THE TASK
The needed output is the run of lines below from the one containing "This file is" through the one containing "This video demonstrates", copied exactly and free of pictures.

··· DATA EXTRACTS ···

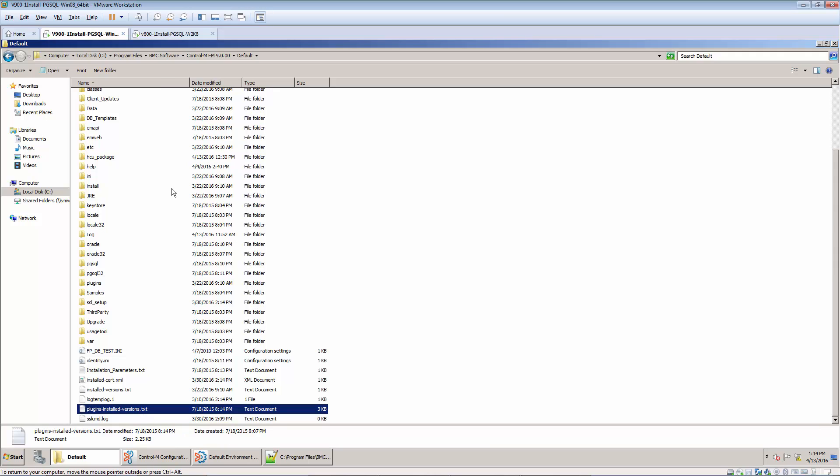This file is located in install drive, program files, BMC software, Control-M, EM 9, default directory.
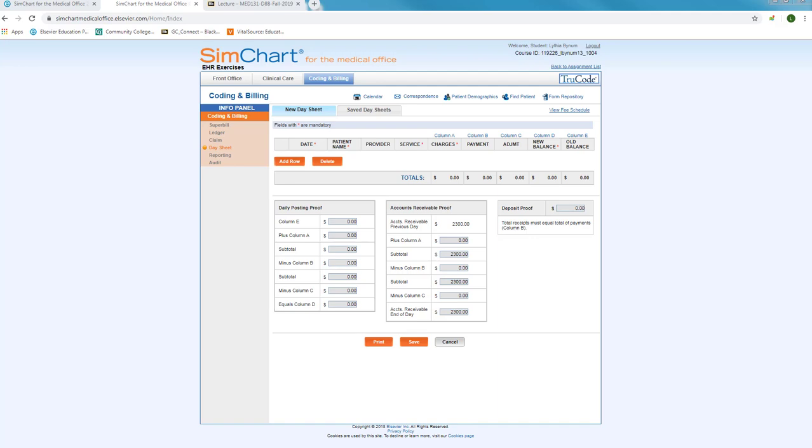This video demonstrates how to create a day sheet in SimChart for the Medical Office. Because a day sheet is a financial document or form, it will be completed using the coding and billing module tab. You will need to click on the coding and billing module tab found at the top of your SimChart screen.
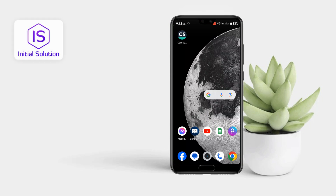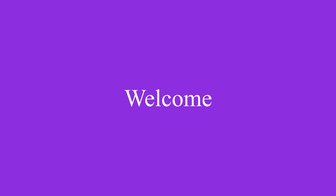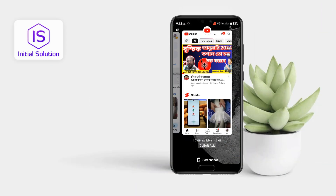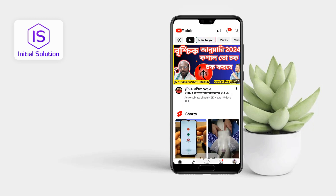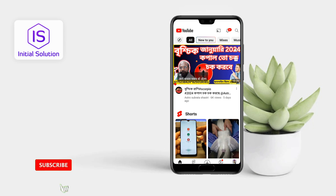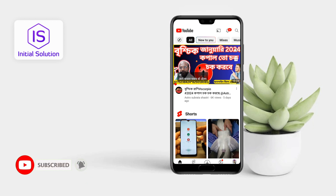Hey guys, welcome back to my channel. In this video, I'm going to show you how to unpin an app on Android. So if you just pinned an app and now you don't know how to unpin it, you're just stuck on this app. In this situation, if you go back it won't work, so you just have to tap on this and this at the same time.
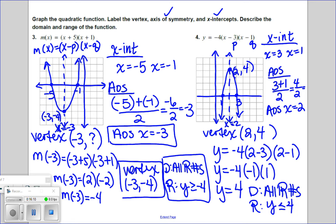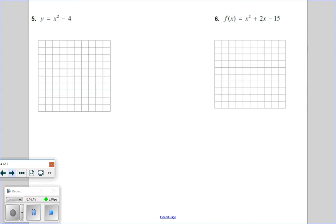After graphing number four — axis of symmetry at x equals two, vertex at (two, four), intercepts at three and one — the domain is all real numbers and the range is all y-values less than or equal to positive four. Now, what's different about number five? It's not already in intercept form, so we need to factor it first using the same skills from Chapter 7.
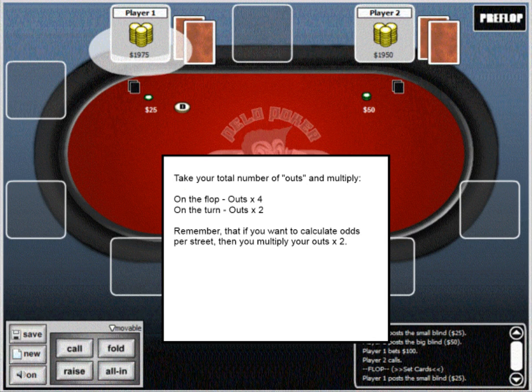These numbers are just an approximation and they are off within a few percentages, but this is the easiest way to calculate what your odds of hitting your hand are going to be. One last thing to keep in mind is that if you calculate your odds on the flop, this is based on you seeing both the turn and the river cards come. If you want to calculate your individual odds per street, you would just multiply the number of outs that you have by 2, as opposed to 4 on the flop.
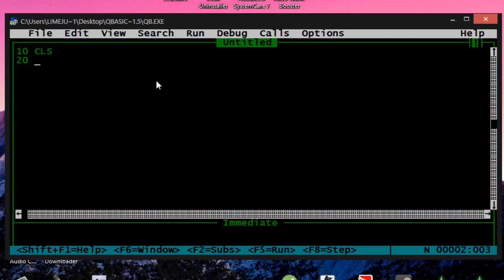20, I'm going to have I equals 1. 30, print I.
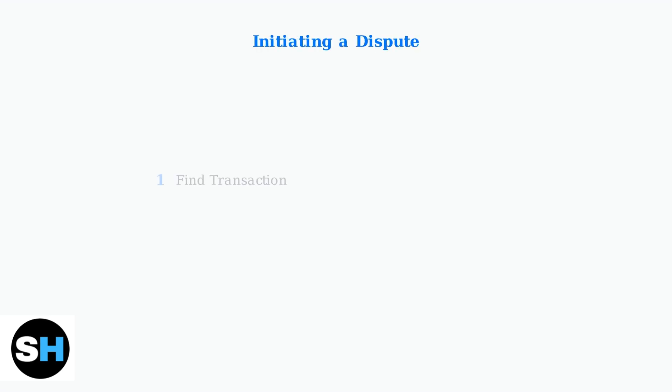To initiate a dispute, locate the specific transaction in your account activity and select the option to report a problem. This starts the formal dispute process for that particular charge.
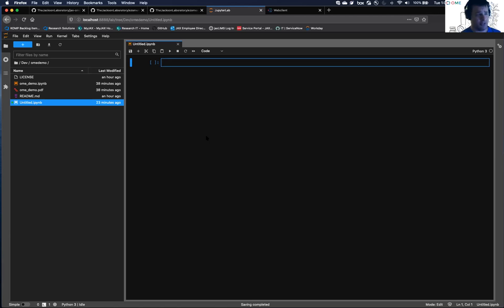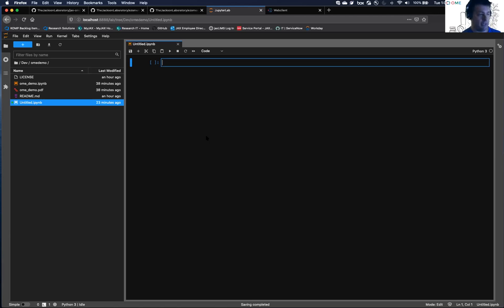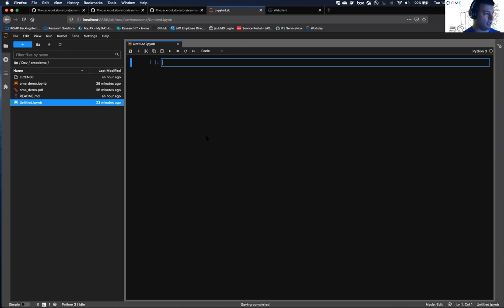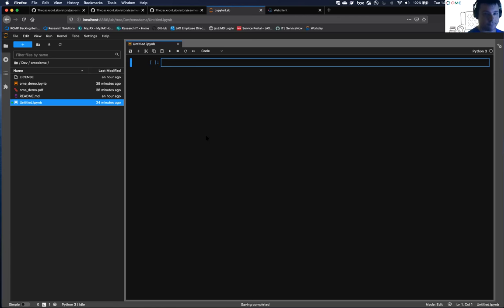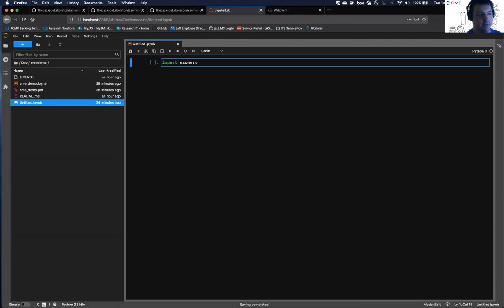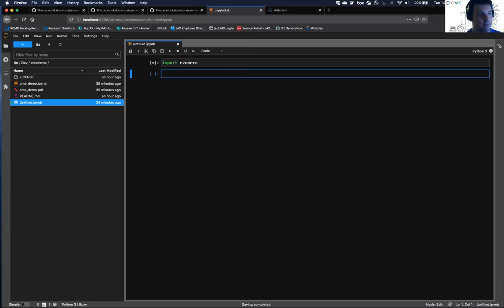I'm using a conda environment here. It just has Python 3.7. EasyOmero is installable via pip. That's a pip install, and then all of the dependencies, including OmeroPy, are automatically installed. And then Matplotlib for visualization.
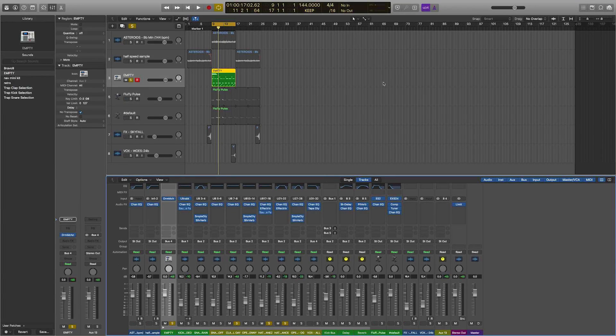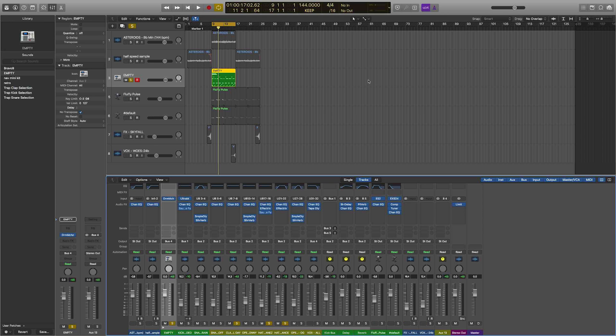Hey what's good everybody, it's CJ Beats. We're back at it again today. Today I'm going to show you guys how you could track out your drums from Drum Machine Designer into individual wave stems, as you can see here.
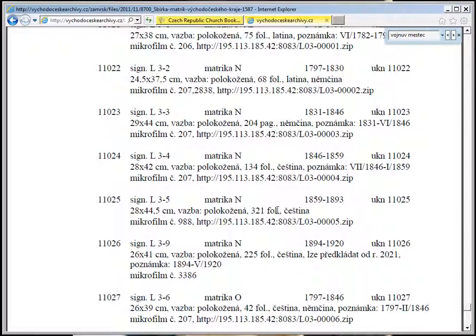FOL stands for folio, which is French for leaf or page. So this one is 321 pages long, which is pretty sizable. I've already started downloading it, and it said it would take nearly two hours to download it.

···
··· DATA EXTRACTS ···

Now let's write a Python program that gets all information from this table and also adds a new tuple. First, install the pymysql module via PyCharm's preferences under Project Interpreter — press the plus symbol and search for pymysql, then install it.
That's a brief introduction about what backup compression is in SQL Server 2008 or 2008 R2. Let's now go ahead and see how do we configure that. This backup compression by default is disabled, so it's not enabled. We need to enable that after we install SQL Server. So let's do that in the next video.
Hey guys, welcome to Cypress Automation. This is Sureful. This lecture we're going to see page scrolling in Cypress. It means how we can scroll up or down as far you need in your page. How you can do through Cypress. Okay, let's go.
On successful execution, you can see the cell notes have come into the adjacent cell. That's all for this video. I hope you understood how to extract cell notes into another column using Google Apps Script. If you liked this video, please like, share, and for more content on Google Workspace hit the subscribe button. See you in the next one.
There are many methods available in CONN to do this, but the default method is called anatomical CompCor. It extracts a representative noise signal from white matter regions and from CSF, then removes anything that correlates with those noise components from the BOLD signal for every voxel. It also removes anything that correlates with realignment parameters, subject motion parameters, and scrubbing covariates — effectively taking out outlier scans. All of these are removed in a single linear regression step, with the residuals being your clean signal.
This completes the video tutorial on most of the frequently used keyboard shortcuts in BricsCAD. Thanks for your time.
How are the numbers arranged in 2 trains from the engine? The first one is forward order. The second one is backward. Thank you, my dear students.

···

COMPLETED TASK
This file is located in install drive, program files, BMC software, Control-M, EM 9, default directory.
This video demonstrates how to create a day sheet in SimChart for the Medical Office. Because a day sheet is a financial document or form, it will be completed using the coding and billing module tab. You will need to click on the coding and billing module tab found at the top of your SimChart screen.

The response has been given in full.